Tuesday, November 20, 2012

the Aberration

I miss you, Dad.

I never really believed that there was anything in the world that the human mind was incapable of dealing with. Until my mind was faced with the task of processing the completely unfathomable, incomprehensible, impossible fact that you were gone.

Not only gone. Dead. One day you were there, smiling at me, ready to give me anything, loving me. The next, the world did no longer contain you. And that was impossible. That night, when I lay awake, I understood the tears and the pain that was ripping me to shreds. But my mind, my logic and intelligence, my readiness to accept and believe in irrefutable facts, failed me for the first time. The fact was there, my mind tried to grapple it but failed - slipped back a few steps - tried again, with the same result. That entire horrible night, not to mention days and weeks and months afterward. My mind was like a faulty recording, skipping back every time it reached that scratch in the disc, that glitch in the software, repeating the same sequence endlessly. Nightmarishly.

You, no longer. You, nowhere.

And faith, which usually steps in, could not help. Faith held me up, cushioned and soothed me with words like "heaven, immortal soul, meet again", but faith is in another dimension. Comfort from others, with words like "you are not alone", was invaluable and absolutely life-saving, but comfort is also there in the other dimension. Reality is here, and reality is harsh and blinding and relentless.

Someone put it beautifully (quote from here): "... she's been in this vague in between lifes world. One life of what you knew is passing away, dying on the winds while the other is opening up and brightening to blind and bleach out your brain. It hurts like stabs in the heart."

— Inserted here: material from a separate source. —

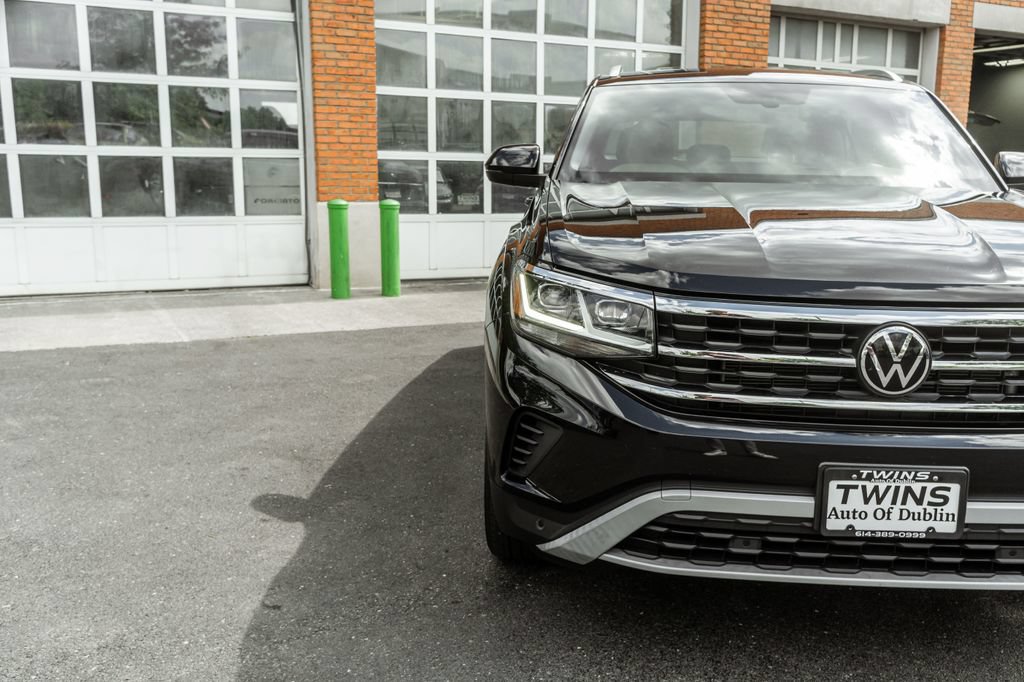 Used 2023 Volkswagen Atlas Cross Sport SE AWD/4WD image 35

Eventually, I must have learned to live with that fact that had blinded and bleached out a part of my brain. My mind is no longer skipping. That scratch or glitch in the weave of the universe is still there, always will be. But I glide past it with a respectful nod, and move on.

Usually. Every now and then my mind stumbles over it from an unexpected angle and falls flat on its face, painfully. And then, again, the shock and horror: You, no longer. You, nowhere.